Wiseman v. Wiseman

ZINTER, Justice

(concurring in result).

[¶ 16.] Today’s Court relies on Heumiller’s interpretation of SDCL 25-7-7.3 as it was in 2012, the statute prohibiting retroactive modification of “past due support payments.” 2012 S.D. 68, ¶¶8-13, 821 N.W.2d 847, 850-52 (emphasis added). I cannot join today’s opinion because Heumiller judicially substituted the words “past due support payments” in SDCL 25-7-7.3 (2004) with the words “accrued obligations.” See Heumiller, 2012 S.D. 68, ¶ 24, 821 N.W.2d at 853 (Zinter, J., concurring in result).

[¶ 17.] SDCL 25-7-7.3 (2004) prohibited the retroactive modification of certain “past due support payments.” The majority in Heumiller concluded that even if a support payment was fully paid when due, it was a “past due” payment, and therefore it was not subject to modification because the obligation had “accrued.” See id. ¶ 8, 821 N.W.2d at 850. However, that view was not supported by the previous text of the statute.

It is illogical ... to interpret the statute such that an accrued obligation that is fully paid when due is a “past due payment” under SDCL 25-7-7.3. Not one of us would agree with the Court’s interpretation of “past due payments” in any other context.
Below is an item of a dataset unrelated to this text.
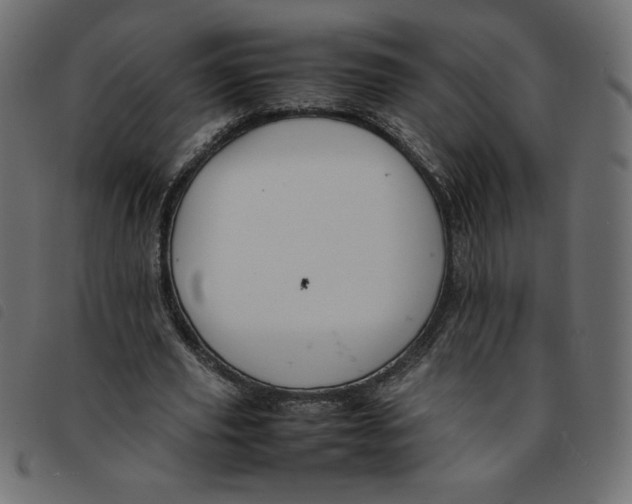 X0000092210629200710121129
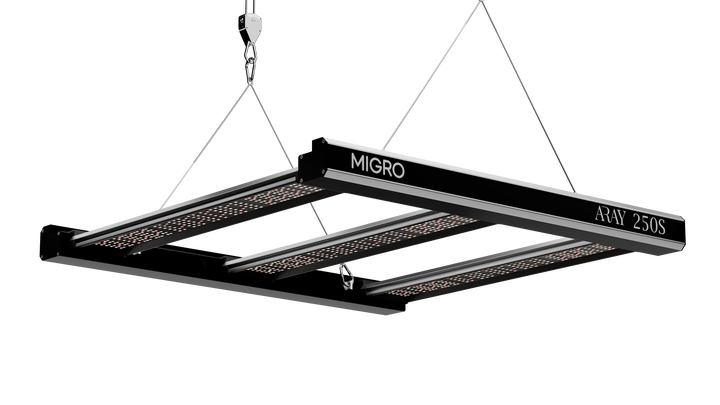 ARAY 250S LED grow light video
Imagine if another creditor, such as a bank or utility company, claimed that even though you had fully paid your monthly mortgage payment or utility bill when it was due, the “payment” was “past due.”

Id. ¶ 21, 821 N.W.2d at 853 (Zinter, J., concurring in result). “The plain, ordinary, and everyday meaning of the words ‘past due payments’ is that the payments [are] not fully paid when due, such that there are arrearages.” Id. ¶ 22. Thus, Heumiller was wrongly decided. The Legislature’s need to enact the 2013 amendment adopting the Heumiller majority’s change in the text of the statute demonstrates the point.4

[¶ 18.] In this case, Charles had no “past due” support payments (arrearages) in 2012. Therefore, SDCL 25-7-7.3 (2004) did not prohibit the retroactive modification of Charles’s 2009-2012 monthly support payments to comply with the terms of the 2009 order. But the referee and the circuit court were bound to follow the majority opinion in Heumiller. Under that opinion, the relevant inquiry was not whether Charles had “past due support payments,” the operative language in SDCL 25-7-7.3 (2004), but whether he had “accrued obligations.” And Charles’s obli*248gations had accrued. Therefore, under the controlling opinion in Heumiller, the circuit' court did not err in holding that Charles’s 2009-2012 “accrued obligations” were not subject to retroactive modification.

. As today's Court acknowledges, the 2013 Legislature amended SDCL 25-7-7.3 to "substitute” the language "past due support payments” with new language prohibiting retroactive modification of "previously ordered support payments that have become due, whether paid or unpaid[.]” See supra n. 2 (quoting 2013 S.D. Sess. Laws ch. 119, § 3).